30 ülkede yapılan 65 araştırmanın bulgularının incelendiği, geniş çaplı bir analiz, çocuklardaki diş sorunlarının sosyoekonomik durumla ilişkisine ışık tuttu.
Bulgulara göre yüksek gelirli ailelerin çocuklarının dişleri, diğer çocuklara kıyasla daha fazla yıpranıyor. Bu da diş çürümesi riskini artırıyor.
Hakemli bilimsel dergi Journal of Dentistry’de yayımlanan analiz; soda, meyve suları ve diğer asitli içeceklerinin yıpratıcı etkilerinin, zenginliğin ve eğitimin sağladığı bazı ayrıcalıkları yok ettiğini gösteriyor.

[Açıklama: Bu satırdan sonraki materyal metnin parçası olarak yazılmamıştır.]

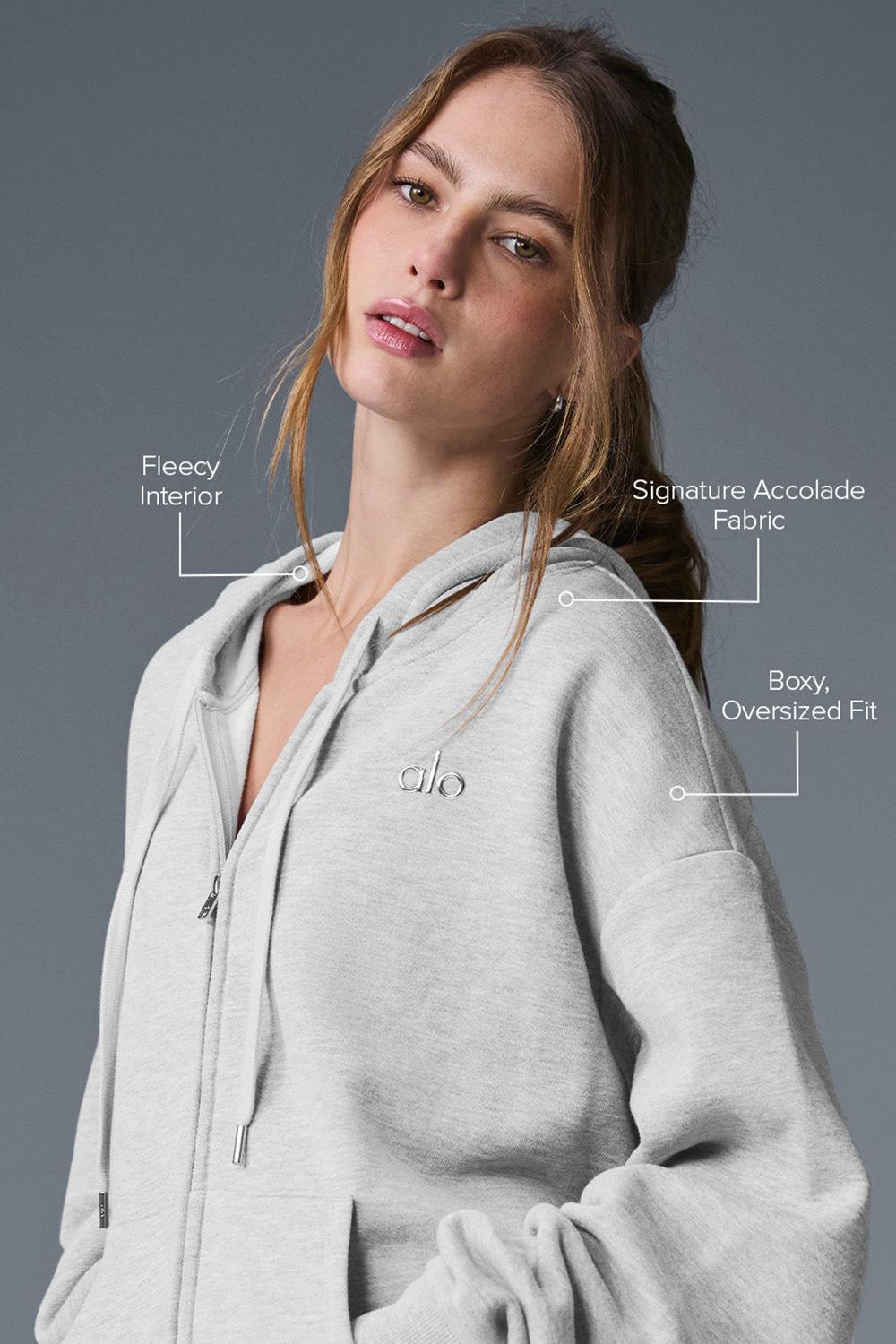 Athletic Heather Grey Women Alo Yoga Accolade Full Zip Hoodie | Australia  10462-IQVX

Özellikle de zengin ailelerin ergenlik çağındaki çocuklarında diş aşınması, önemli ölçüde daha kötü görünüyor.
Araştırmacılar bulguları ilk başta tuhaf karşıladıklarını dile getirdi. Zira daha varlıklı ailelerden gelen gençlerin diş bakımı için gerekli hizmetlere erişme olasılığı genelde daha yüksekti.
Ancak bu çocukların zararlı yiyeceklere erişme olanağı, düzenli diş bakımının faydalarından ağır basıyordu.
Avustralya’daki Griffith Üniversitesi’nde diş hekimliği ve ağız sağlığı araştırmacısı Halit Ahmet, bunu şöyle açıkladı:
“Gazlı içecekler, enerji içecekleri ve kutu meyve suları birçok ülkede varlıklı ailelerin çocuklarının kullanımına açık. Ayrıca diyet, az şekerli ve şekersiz alternatifler fark yaratmıyor. Hepsi asidik.”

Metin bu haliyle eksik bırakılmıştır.